En esta conversación, Peñalosa se mostró cercano y reflexivo. Habló de su infancia marcada por la figura de su padre, quien dirigió la Reforma Agraria en los años sesenta y de los múltiples oficios que desempeñó en su juventud: obrero, vendedor de zapatos, lavaplatos, recepcionista. Historias que revelan al hombre detrás del político y que, según él, le dieron una perspectiva real sobre la desigualdad y la necesidad de transformar al país.
Ha perdido elecciones, lo admite sin rodeos: “Dicen que con las derrotas uno aprende; entonces yo debo ser un sabio porque he perdido como siete elecciones”, dice con ironía. Pero también recuerda los resultados que marcaron a Bogotá: la recuperación del Bronx, la creación del Parque Tercer Milenio, el impulso a las ciclorrutas y a TransMilenio, y los colegios y parques que hoy hacen parte del día a día de los bogotanos. “Una bicicleta vieja es igual de importante que un carro de lujo recién salido de la tienda”, afirma para resumir su visión de igualdad.
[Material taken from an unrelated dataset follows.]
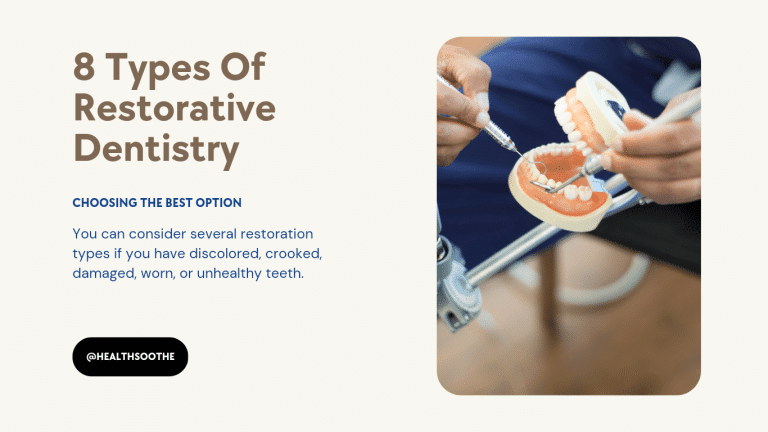 8 Types Of Restorative Dentistry & Choosing The Best Option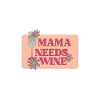 Mama needs Wine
Peñalosa insiste en que la política no es discurso, sino acción. Lo repite con convicción: “Aquí cualquiera puede sentarse y decir maravillas, pero lo elocuente es que yo ya lo he hecho. Yo sé hacerlo y lo voy a hacer”. Y desde allí aborda los grandes temas nacionales: la necesidad de seguridad firme frente al crimen organizado, la urgencia de mejorar la educación pública con calidad y resultados, y la importancia de generar riqueza y distribuirla de forma justa.